Thanks. Do you know what kind of signal you were after to make the tach work?
 
Nothing is loomed. Not even zip tied. It’s all loose. This is not an interference problem. This is a signal problem from what I understand. The hei produces an odd tach signal some digital tachs can’t interpret it. The filter I built has worked for a bunch of guys for analog style original tachs in older chevys. I thought maybe it would work on the window switch. I actually think with a few different value resistors I could come up with something but I’m running out time. The link below has info on the type of signal generated by the hei.

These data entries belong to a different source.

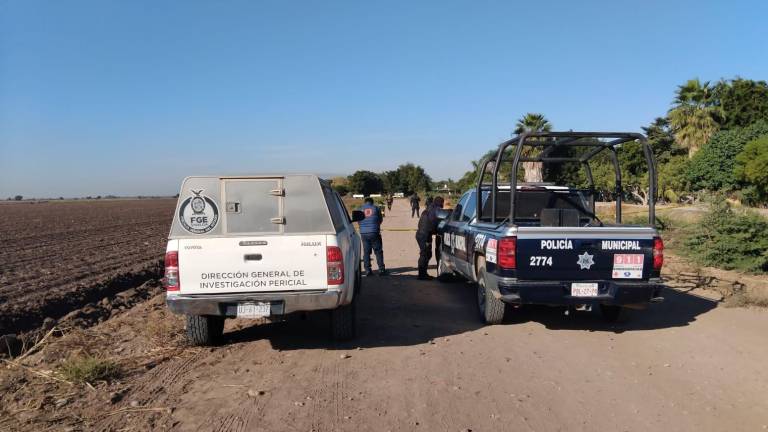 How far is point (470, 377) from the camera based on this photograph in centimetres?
527

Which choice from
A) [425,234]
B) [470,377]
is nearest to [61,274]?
[425,234]

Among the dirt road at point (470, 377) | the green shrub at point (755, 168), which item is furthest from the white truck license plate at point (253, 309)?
the green shrub at point (755, 168)

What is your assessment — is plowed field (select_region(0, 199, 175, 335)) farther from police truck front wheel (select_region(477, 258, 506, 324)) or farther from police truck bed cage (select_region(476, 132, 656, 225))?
police truck bed cage (select_region(476, 132, 656, 225))

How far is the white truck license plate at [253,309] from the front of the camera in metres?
5.86

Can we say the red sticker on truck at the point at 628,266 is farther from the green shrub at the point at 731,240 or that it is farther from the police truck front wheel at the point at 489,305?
the green shrub at the point at 731,240

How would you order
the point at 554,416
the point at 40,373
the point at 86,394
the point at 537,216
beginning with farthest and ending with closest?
the point at 537,216 → the point at 40,373 → the point at 86,394 → the point at 554,416

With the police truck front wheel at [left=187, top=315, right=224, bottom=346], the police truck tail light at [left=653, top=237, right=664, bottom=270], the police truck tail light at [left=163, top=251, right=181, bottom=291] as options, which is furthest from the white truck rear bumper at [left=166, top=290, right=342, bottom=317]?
the police truck tail light at [left=653, top=237, right=664, bottom=270]

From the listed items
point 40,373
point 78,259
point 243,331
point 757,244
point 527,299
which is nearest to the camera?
point 40,373

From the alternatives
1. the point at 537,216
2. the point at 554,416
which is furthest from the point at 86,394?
the point at 537,216

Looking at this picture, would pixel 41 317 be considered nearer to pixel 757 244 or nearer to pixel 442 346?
pixel 442 346

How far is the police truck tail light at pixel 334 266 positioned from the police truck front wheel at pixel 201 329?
1.53 metres

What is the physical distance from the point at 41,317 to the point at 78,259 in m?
8.33

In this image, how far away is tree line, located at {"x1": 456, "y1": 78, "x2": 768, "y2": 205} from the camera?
36156 mm

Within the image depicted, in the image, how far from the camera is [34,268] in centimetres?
1450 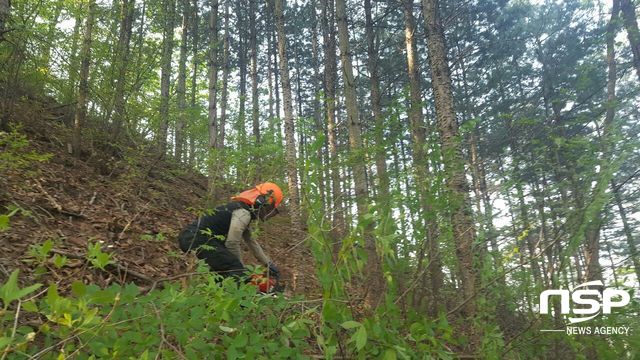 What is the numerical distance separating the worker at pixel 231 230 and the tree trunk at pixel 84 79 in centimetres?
361

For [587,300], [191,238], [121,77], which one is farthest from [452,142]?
[121,77]

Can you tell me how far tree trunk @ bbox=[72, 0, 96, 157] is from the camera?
5.79 meters

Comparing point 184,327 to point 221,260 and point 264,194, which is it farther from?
point 264,194

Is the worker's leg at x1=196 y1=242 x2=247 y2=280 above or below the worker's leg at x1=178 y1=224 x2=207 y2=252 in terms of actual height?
below

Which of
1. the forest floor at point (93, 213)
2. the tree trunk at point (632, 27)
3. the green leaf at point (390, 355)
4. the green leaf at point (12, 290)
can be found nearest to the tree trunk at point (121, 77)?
the forest floor at point (93, 213)

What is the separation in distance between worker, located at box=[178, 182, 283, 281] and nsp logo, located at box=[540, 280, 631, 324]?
2121 millimetres

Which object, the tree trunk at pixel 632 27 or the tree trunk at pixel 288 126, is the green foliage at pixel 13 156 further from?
the tree trunk at pixel 632 27

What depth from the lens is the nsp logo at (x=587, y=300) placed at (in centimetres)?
260

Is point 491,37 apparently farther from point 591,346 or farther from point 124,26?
point 591,346

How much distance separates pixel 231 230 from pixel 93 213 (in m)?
2.58

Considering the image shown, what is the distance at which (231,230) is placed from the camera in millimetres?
3535

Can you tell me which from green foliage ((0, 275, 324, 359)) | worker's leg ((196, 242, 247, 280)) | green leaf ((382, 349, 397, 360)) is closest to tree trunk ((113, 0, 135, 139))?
worker's leg ((196, 242, 247, 280))

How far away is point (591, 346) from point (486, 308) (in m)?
0.74

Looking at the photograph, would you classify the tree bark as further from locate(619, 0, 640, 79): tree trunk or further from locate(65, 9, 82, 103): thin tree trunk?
locate(619, 0, 640, 79): tree trunk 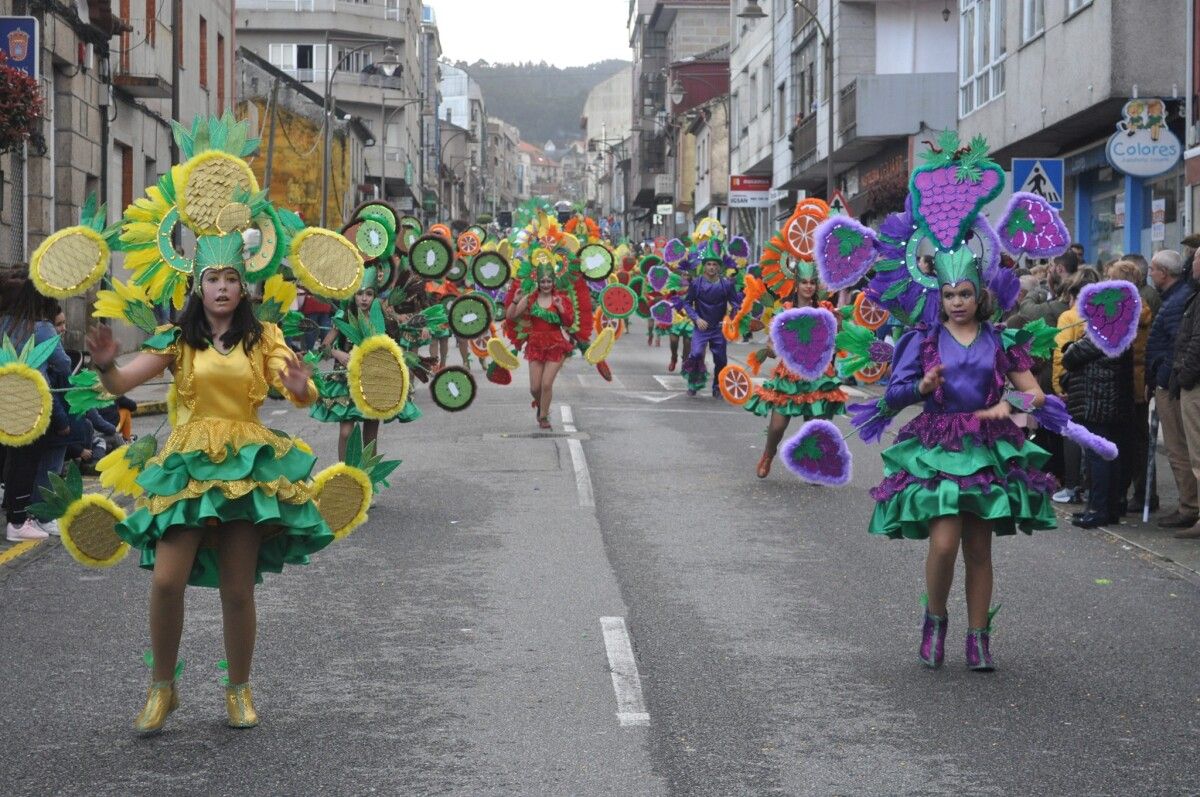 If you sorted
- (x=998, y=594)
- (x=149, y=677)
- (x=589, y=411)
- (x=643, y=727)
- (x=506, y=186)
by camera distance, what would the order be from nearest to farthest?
(x=643, y=727) → (x=149, y=677) → (x=998, y=594) → (x=589, y=411) → (x=506, y=186)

Info I've found about the HEI Tach signal
Interesting how the tach signal jumps around unfiltered on the O’scope.
 
TT.
Answer is no. The cct came from a fellow called Peter Serio about 20 yrs ago, in the US. He specialised dash/instrument refurbishing. Do not know if he is still around.
 
Looks like the filter is a little too aggressive. Try dropping the value of the 0.15 mF capacitor to somewhere between 0.02 and 0.03 for a cut-off about 5 times higher or a little more.
 
Looks like the filter is a little too aggressive. Try dropping the value of the 0.15 mF capacitor to somewhere between 0.02 and 0.03 for a cut-off about 5 times higher or a little more.
I’m going to try a few things but after this weekend. I’m out of time to order stuff and have it in time. For Saturday I’m just going to use the window switch as a WOT switch and send it. Thank you for the suggestions.
 
Interesting thread. Is the general assumption this is some kind of electrical noise issue?
It’s not noise. It’s a signal problem. The window switch wants a common 12v square wave and the hei produces some weird random ac digital partially square wave or something.
 
It’s not noise. It’s a signal problem. The window switch wants a common 12v square wave and the hei produces some weird random ac digital partially square wave or something.


Yeah, now that you mention that Tuner and I have talked about that a bit. Let me ask him about this. He may have a simple fix. After this weekend so you can get some hits in.
 
Yeah, now that you mention that Tuner and I have talked about that a bit. Let me ask him about this. He may have a simple fix. After this weekend so you can get some hits in.
Please do ask him. And if necessary, reference the link I posted above in #25. The first post in that thread describes the type of signal we’re dealing with.
 
The AXM-110 also does a square wave tach signal.

Another way to get a square wave is to use a 7 pin HEI. Don't connect the "B" or "E" pins and get the tach signal from the "R" pin. This is a clean square wave.
 
The AXM-110 also does a square wave tach signal.

Another way to get a square wave is to use a 7 pin HEI. Don't connect the "B" or "E" pins and get the tach signal from the "R" pin. This is a clean square wave.

How is the AMX-110 powered? There is no published instruction sheet. Does it generate a 12v square wave tach signal from current sensing on the positive side of the coil?
 
Pin R on a 7 pin module is a clean 5 volt square wave. I am not sure that would work.
 
It's going to depend on the window switch's trigger circuit. There are a few simple ways to step it up to 12v if needed.